Arbre-Évolution, une coopérative qui a épaulé l’arrondissement montréalais dans la création des microforêts, ne chôme pas cet été devant l’engouement partout au Québec pour des projets de verdissement du genre. C’est peut-être un beau problème, maintenant. On ne peut pas fournir des arbres à toutes les municipalités qui nous envoient des projets
, explique Julien Hamelin-Lalonde, chargé de projet chez Arbre-Évolution.
Un toit végétal pour répondre aux changements climatiques
Lors de l’inauguration du métro, la Société de transport de Montréal (STM) – qui s’appelait alors la CTCUM – avait accordé une grande importance à l’architecture des stations, mais pas à leur intégration dans l’environnement. Ce à quoi tente de remédier le chef de la section architecture de la STM, Riccardo Di Marco. Il mise notamment sur la construction de toits végétalisés sur quatre bâtiments de la STM.
« Le toit va servir de filtre naturel. Il va pouvoir absorber l’eau de pluie. Il va aussi amener une nouvelle biodiversité, qui s’installera dans le quartier. C’est également une bonne façon de réduire les îlots de chaleur. »
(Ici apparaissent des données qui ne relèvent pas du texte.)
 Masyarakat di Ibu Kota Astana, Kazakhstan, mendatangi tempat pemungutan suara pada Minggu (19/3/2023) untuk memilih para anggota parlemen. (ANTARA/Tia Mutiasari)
Si une toiture verte coûte presque deux fois plus cher qu’une toiture standard, il y a des économies à faire, selon Riccardo Di Marco. L’été, le bâtiment du centre Stinson, qui possède le plus grand toit végétalisé de la société de transport, affiche une température de 5 degrés moins élevée que la normale. L’hiver, les coûts de chauffage baissent de 25 % dans cet établissement d’une superficie plus grande qu’un terrain de soccer.